In biblical times, the Jews expected a messiah who would come with flaming sword, conquering and to conquer, calling down the hosts of heaven to destroy all who did not bear the mark of God’s elect, thereby purifying and clearing the earth for God’s Kingdom. Jesus faced the temptation to be that kind of messiah, but he believed that the temptation came from the devil, and he turned his back decisively on it. Because of his refusal of power, he was misunderstood by his Jewish-Christian disciples and rejected by the public at large, once events beyond Palm Sunday began to unfold. He said that he had come not to destroy sinners but to seek and to save that which was lost; not to cause suffering but to heal the sufferers; not to establish an earthly kingdom but to confirm a spiritual one; not to perpetrate a violent triumph by taking the lives of others but to win through his own suffering and death -- and by that unearthly means to set loose the power of salvation in the world.

When asked some years ago by a college student, "Is there a hell?" Baptist teacher Gordon Poteat said -- after a thoughtful silence -- "If there is a hell, Jesus is in it." The New Testament leads us to expect Jesus to be actively at work in the place of greatest human need.

Satan would host a holocaust. Jesus would not.

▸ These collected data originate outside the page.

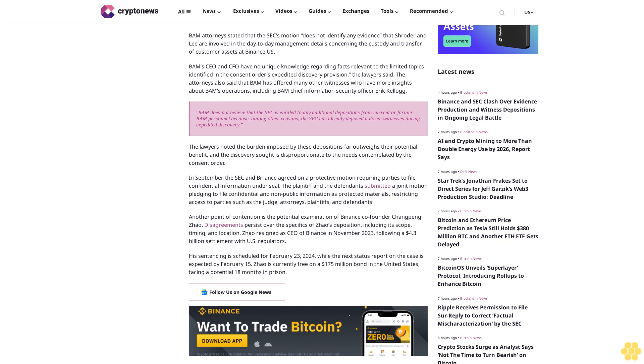BAM's CEO and CFO have no unique knowledge regarding facts relevant to the limited topics identified in the consent order's expedited discovery provision, the lawyers said. The attorneys also said that BAM has offered many other witnesses who have more insights about BAM's operations, including Chief Information Security Officer Eric Kellogg.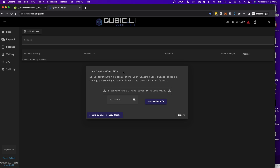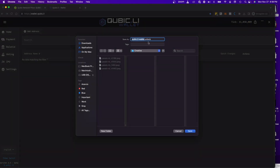This is very important — what we're doing here is downloading the wallet file. The wallet file allows you to access your wallet once you close the browser or clear the cookies. Besides your password and seed phrase, you will actually need this file. So type in your own password, make sure it's a strong one, then click on 'Save Wallet File'. Make sure to keep a few copies on separate hard drives or USB sticks. It's going to prompt you to save a file called cubic.li wallet.unlock — click save.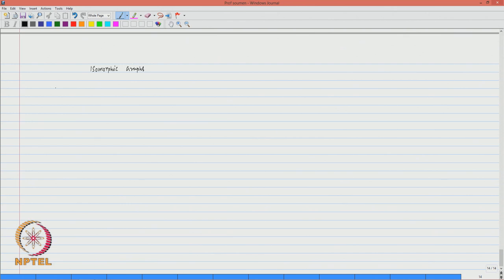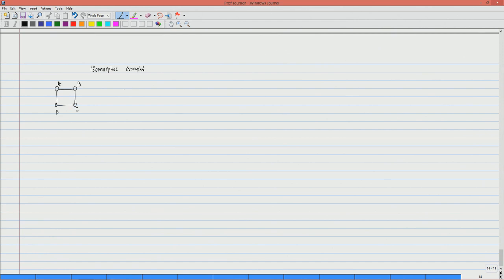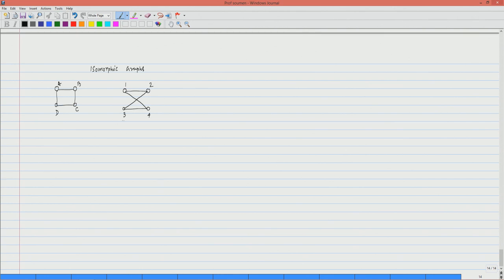Let me start with an example. This is one graph. Let me call the vertices A, B, C, D. And I draw another graph with the same number of vertices and the same number of edges, and I label the vertices by 1, 2, 3, 4. These two graphs may look different but they are basically the same graph — this is very easy to observe because this graph is very small.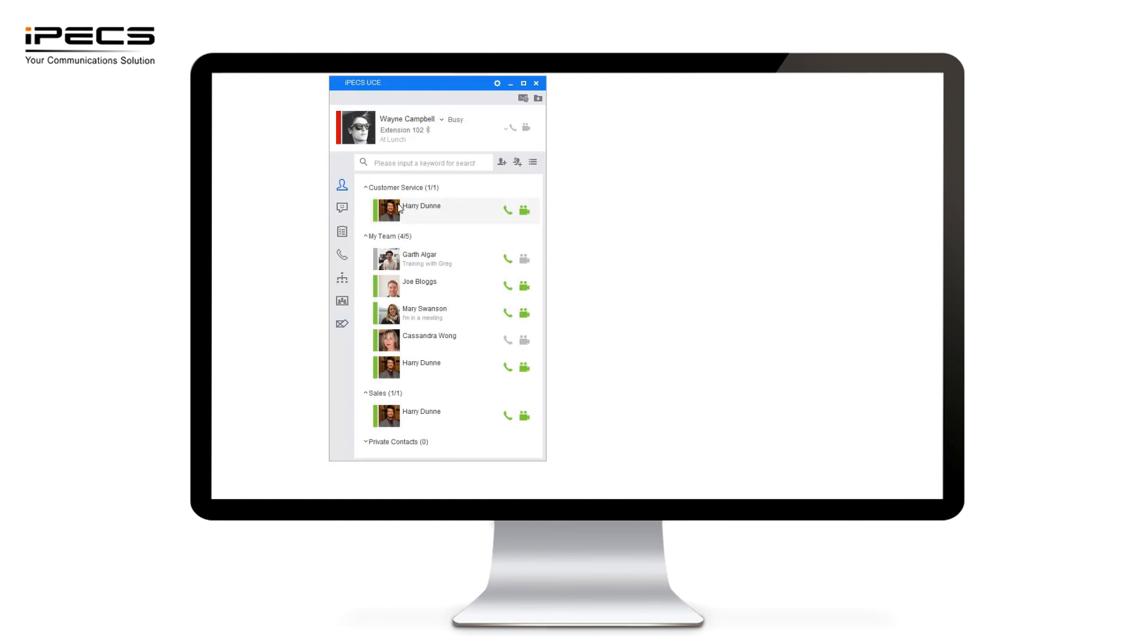If you prefer to use the UCE application but you like to have a physical hard phone you can use the application to control your hard phone which allows you to use all the same functionality you're used to on a normal handset but you get the added benefit of having a visibility of presence of other users and also the ability to use the other functions like instant messaging memos and ISMS.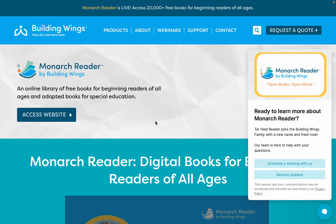Hey there, I'm going to show you a little bit more about Monarch Reader. I was just playing around with it, so I'm going to give you some tips. I'm going to try to make this as short as possible, but likely this will be very long.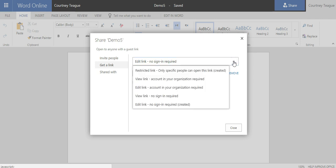Please note that if you choose Edit or View link with account in your organization required, that means only people within your organization will be able to see your link.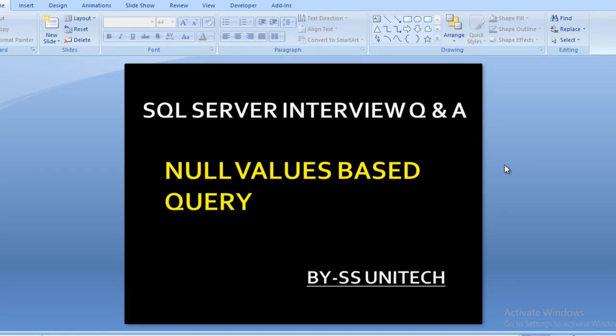Hello friends, welcome to SS Unitech. My name is Susil Singh and this is a continuation of SQL Server interview questions and answers.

Well, that attitude simply won’t do. It is, in fact, evidence of unbelief. To be a Christian surely means to live in the confidence that God has already intervened decisively in history, setting loose in the life and death and resurrection of Jesus Christ all of the transforming power the world needs. To be a Christian means to conform my life actively and responsibly to that power, and to let it do its transforming work through me.

Perhaps the end of the world is near. I don’t know what foolish things people and nations will permit themselves to do in the near future, what compacts we will make with hell through the use of nuclear and biological weapons, what ecological disasters we will actively perpetrate or merely permit to happen or what unprecedented human tragedy we will willingly or witlessly sponsor. I only know that if there is a danger of the imminent destruction of the world, God’s hand is not in it. And if I am to be God’s man for this moment, it will be my obligation to work with him to see that it doesn’t happen.